Ingredientes básicos recomendados
Para elaborar esta receta, necesitarás los siguientes elementos fundamentales:
- Jibia o sepia: Aproximadamente 450 g a 1 kg, según la cantidad deseada.
- Base de bechamel: Leche (entera o sin lactosa), harina de trigo y mantequilla o aceite de oliva virgen extra.
- Aromáticos: Cebolla o cebolleta, ajo, nuez moscada, sal y pimienta negra.
- El toque especial: Tinta de sepia o calamar para aportar color y profundidad de sabor.
- Rebozado: Huevo batido y pan rallado.
Preparación paso a paso
1. Preparación del ingrediente principal
Limpia muy bien la jibia y córtala en trocitos muy pequeños. Si la jibia es grande, puedes cocerla primero en agua con sal durante 15 a 20 minutos hasta que esté blandita; esto es ideal para aprovechar las partes más duras como las aletas y las patas. Una vez cocida o limpia, pícala finamente.
2. Elaboración del sofrito
En una sartén con aceite de oliva virgen extra, pocha la cebolla (y el ajo, si decides incluirlo) a fuego lento hasta que esté tierna. Añade la jibia picada y cocina durante unos minutos. Si utilizas tinta de sepia, incorpórala en este punto para que se mezcle bien con los sabores del sofrito.

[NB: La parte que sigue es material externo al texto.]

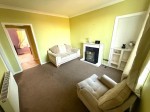 Images for Townhill Road, Dunfermline, KY12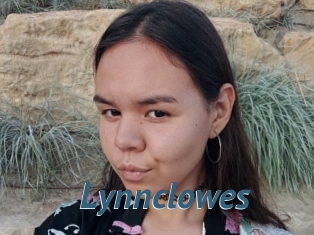 Lynnclowes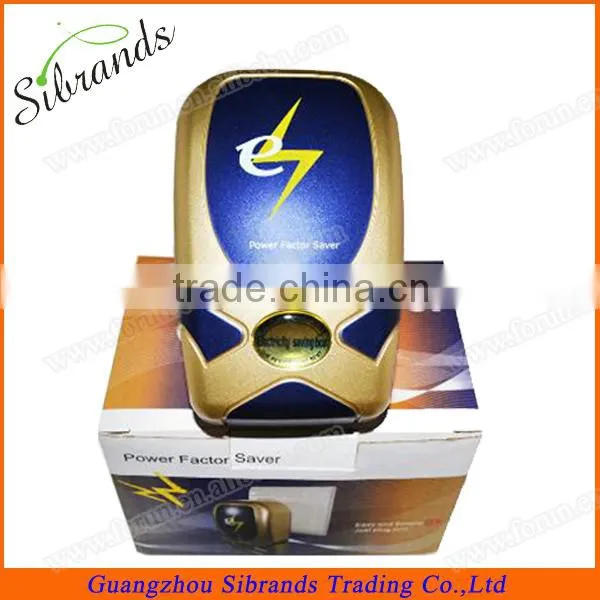 Power Saver/electricity Saving Box/power Saver SD002 SD001 SD004 for Home Quality Choice photo-5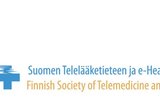 Turun AMK:n Elina Kontio valittiin Suomen Telelääketieteen ja e-Health seuran (STeHS) hallitukseen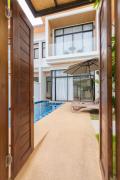 Top Kamala Beach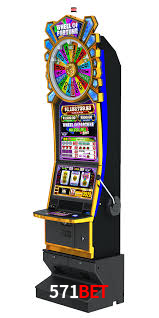 Crash Games Strategies 571bet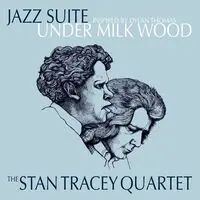 Hot Picks Jazz Suite Inspired By Dylan Thomas Under Milk
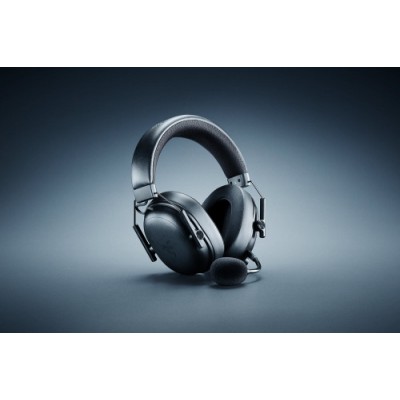 AURICULARES RAZER BLACKSHARK V3 RZ04 05410100 R3M1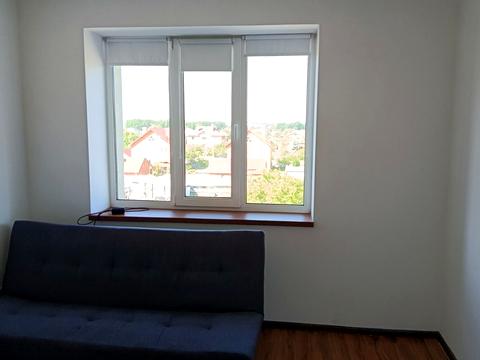 квартира по адресу Богдана Хмельницкого ул., 1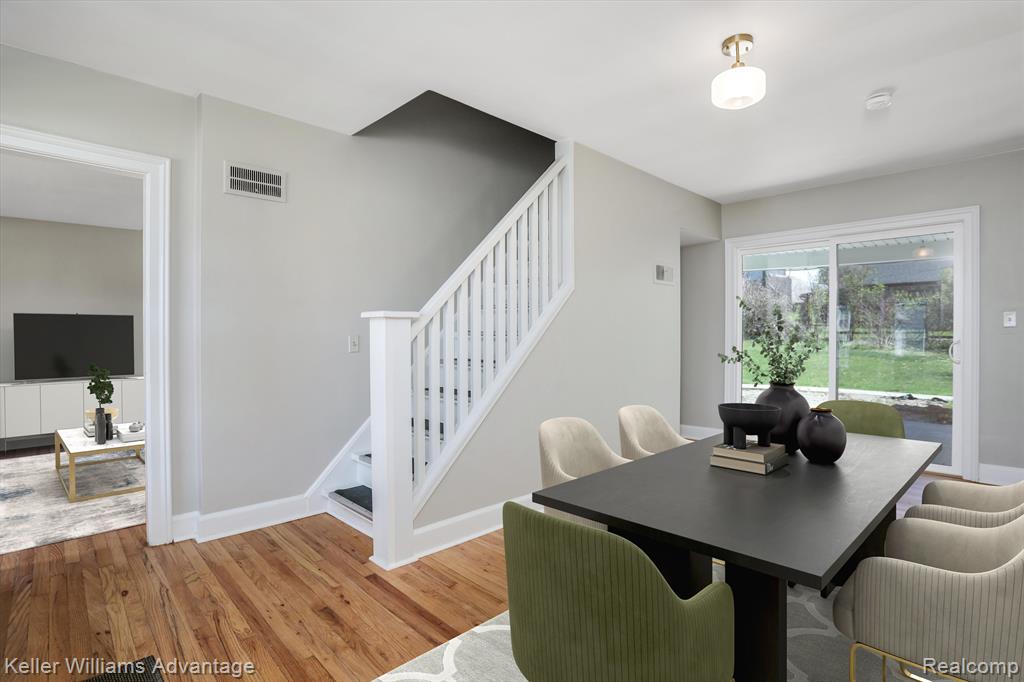 512 Union Street, Milford, MI 48381 — Photo 3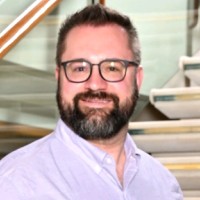 Matthew Page Email & Phone Number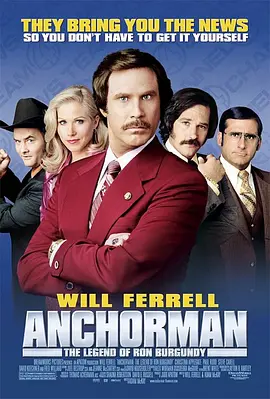 完结高清影视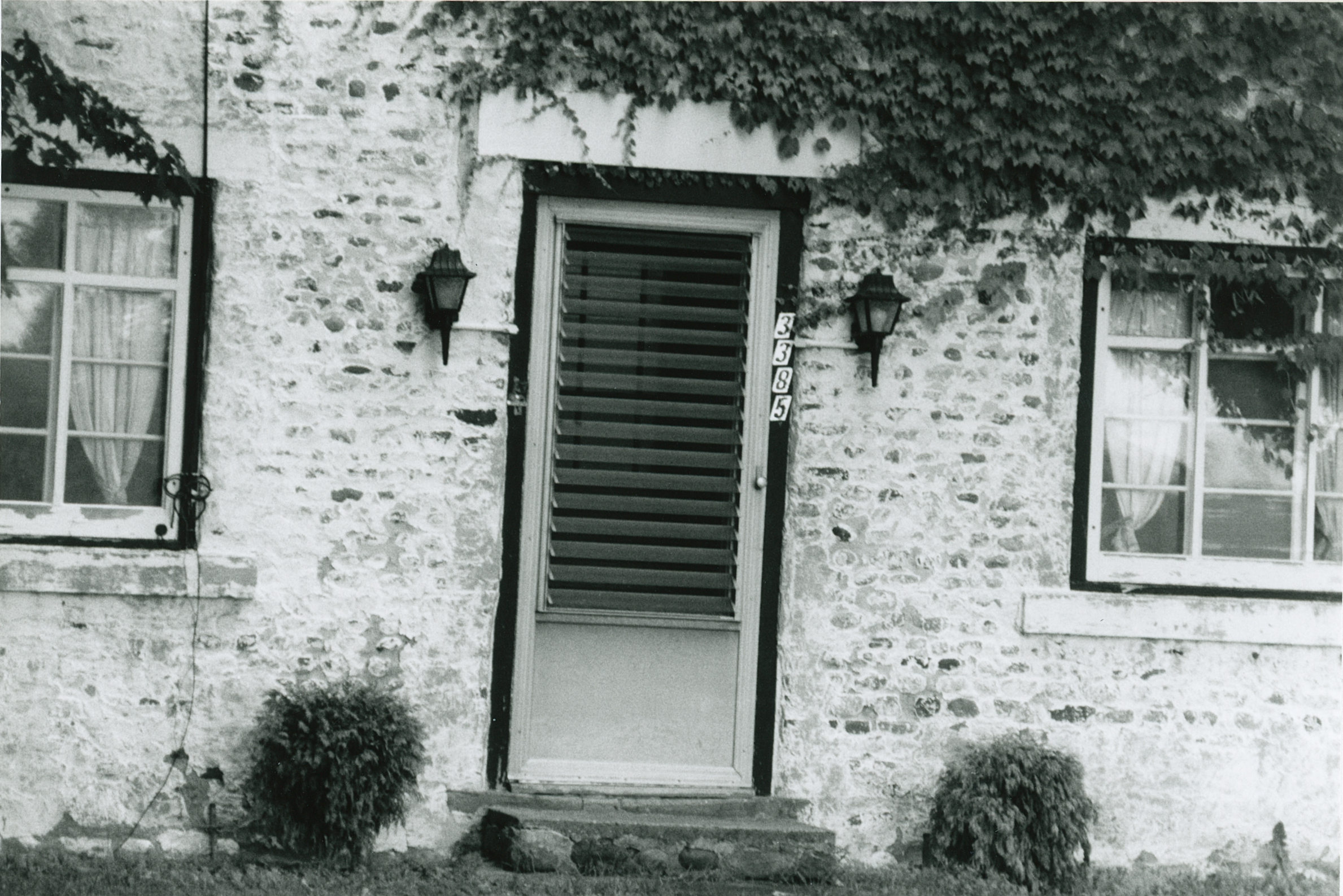 Ale-3 3885 Dodgeson Rd 2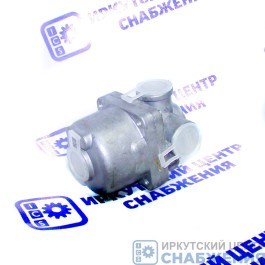 Клапан ограничения давления ZTD 100-3534010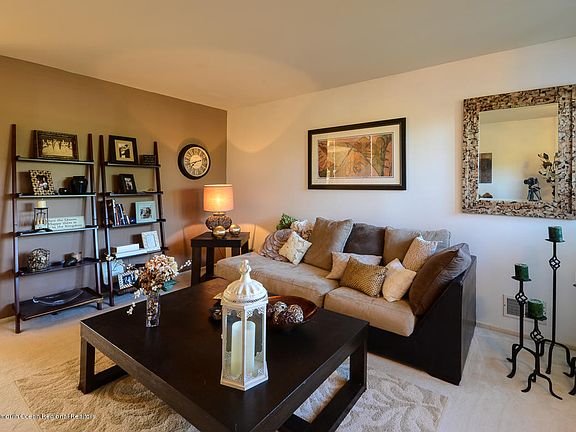 2nd image of 5503 Belmont Ct
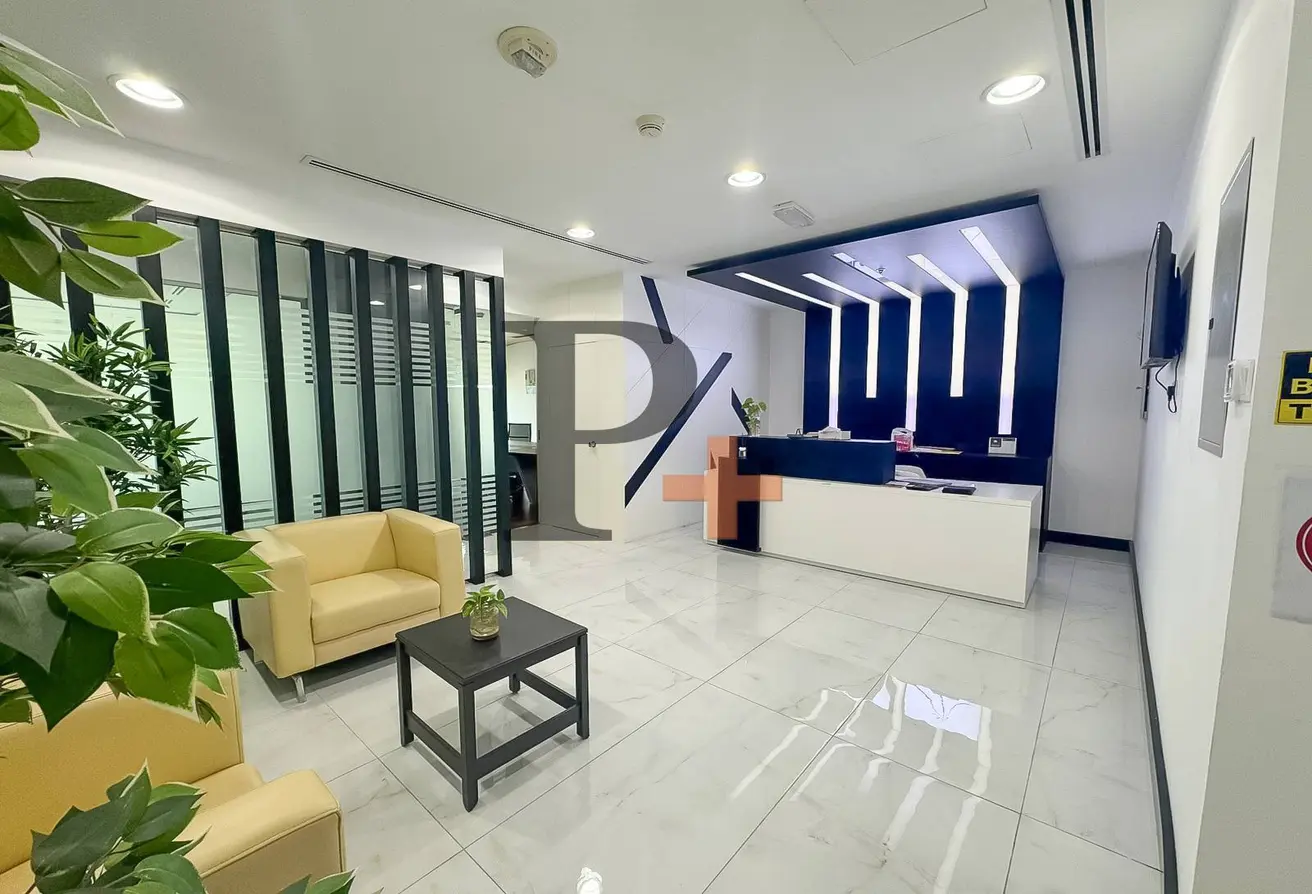 149084280 - Property Main Image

3. La bechamel, el corazón de la receta
Añade la harina a la sartén y tuéstala durante dos minutos sin dejar de remover. Incorpora la leche (preferiblemente caliente) poco a poco, trabajando la mezcla con varillas o una espátula de madera. Sazona con nuez moscada, sal y pimienta. El secreto de una bechamel fina y homogénea es remover con paciencia durante al menos 15-20 minutos hasta que la masa se desprenda fácilmente de las paredes de la sartén.

4. Reposo y formado
Vierte la masa en una fuente y deja enfriar a temperatura ambiente. Es recomendable cubrirla con papel film en contacto directo con la masa para evitar que se forme costra. Deja reposar en el frigorífico un mínimo de dos a ocho horas para que coja cuerpo. Una vez fría, forma las croquetas, pásalas por pan rallado, huevo batido y, opcionalmente, de nuevo por pan rallado para una capa extra crujiente.
5. El toque final: la fritura
Fríe las croquetas en abundante aceite de oliva virgen extra muy caliente. Esto permitirá que se forme rápidamente una capa dorada e impermeable que mantiene el interior jugoso y crujiente por fuera. Se aconseja el uso de freidora para garantizar una temperatura constante.
Cómo hacer Croquetas Líquidas y Crujientes 🥔🥩😋
Consejo: Puedes acompañar tus croquetas con un poco de alioli para realzar aún más el sabor a mar. ¡Buen provecho!